Street & Company offers a vast selection of seafood dishes, of which even I, a strictly non-seafood eater, was impressed. Unlike most restaurants where each entrée is a masterpiece of ingredients in itself, here you're getting down to the basics, and selecting which single sea delicacy you want to indulge in for the evening. They offer choices of Grilled or Blackened Tuna ($19.95), Salmon ($16.95), or Halibut ($17.95), or a choice of Broiled Sole ($15.95), Salmon ($16.95) or Scallops ($17.95) as well as Fisherman's Stew, Shrimp with Butter & Garlic ($16.95), Mussels Marinara over Linguine ($15.95) or the Lobster Diavolo serving two diners for $34.95 just to name a few.
Amongst our three seafood connoisseurs on this particular evening, they were able to sample the Sole Francaise ($15.95), the Scallops in Pernod and Cream ($18.95) and the Blackened Halibut ($17.95). The Sole Francaise was served with lemon butter, cooked very crispy and light, and was accompanied by rice, unfortunately a little on the cold side, and delicious summer vegetables. Both other diners commented that their respective Halibut and Scallops were excellent but did not go into much detail beyond that.

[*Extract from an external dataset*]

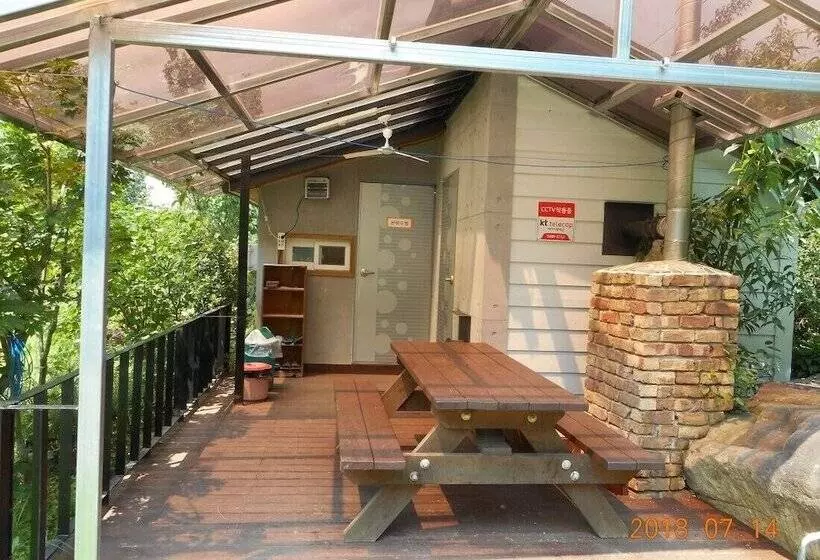 Ulsan Daeunsan Sky Pension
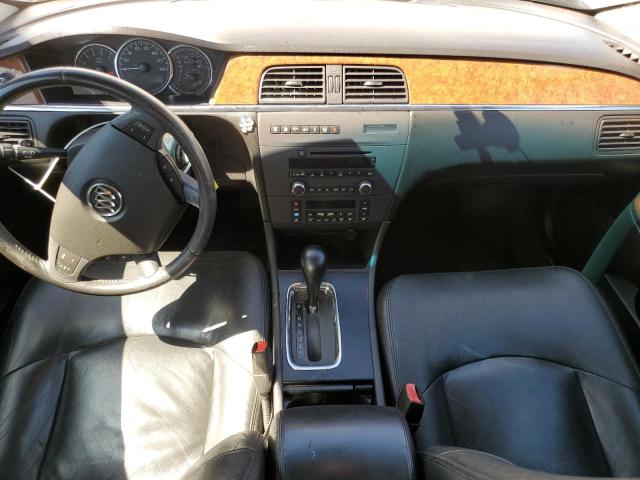 2006 Buick Lacrosse Cxs VIN: 2G4WE587461110293 Lot: 57722034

Our two vegetarian diners each ordered one of the two pasta dishes. The Fettucini Alfredo ($14.95) was delicious. A rather large portion of al dente fettucini served in a hot skillet swimming in rich creamy sauce. The Pasta Primavera ($13.95) came with a choice of three sauces, of which our friend chose tomato. The dish was a medley of fresh sauteed vegetables with pasta and marinara sauce and was greatly enjoyed. Incidentally, either of these two vegetarian dishes could have been ordered with any kind of seafood added. My Spanish Sheep's Milk, Tomato and Caramelized Onion Tart was ok. It was a small slice of quiche-like pie with a little bit of tomato and chunks of onions that weren't quite caramelized. The crust was pretty good but a little bland. The mixed greens that arrived on the side of my tart were very fresh and dressed in a generous amount of almost too sweet balsamic vinaigrette. Although our friend had the seasonal greens for his starter dish and he loved the amount of bold sweet and sour dressing on his salad.
A few of us decided to try some desserts to finish off our meal. Some were looking forward to espresso, which they unfortunately did not serve, so they settled on regular coffee instead. We requested two orders of Tiramisu and one slice of Berry Pie. The very basic pie consisted of many berries and crust with the tiniest dollop of whipped cream on top. The tiramisu however was very light and delicious. A small dish full to the brim of so much whipped cream, coffee flavored whipped cream, and chocolate bits that I could hardly even find the cake. We ended up getting one of our desserts on the house as our friend had requested her leftover Pasta to go and they accidentally tossed it away in the kitchen.
|most credit cards accepted|
I am not sure I would rush back to Street & Company any time soon, but it was a decent overall experience.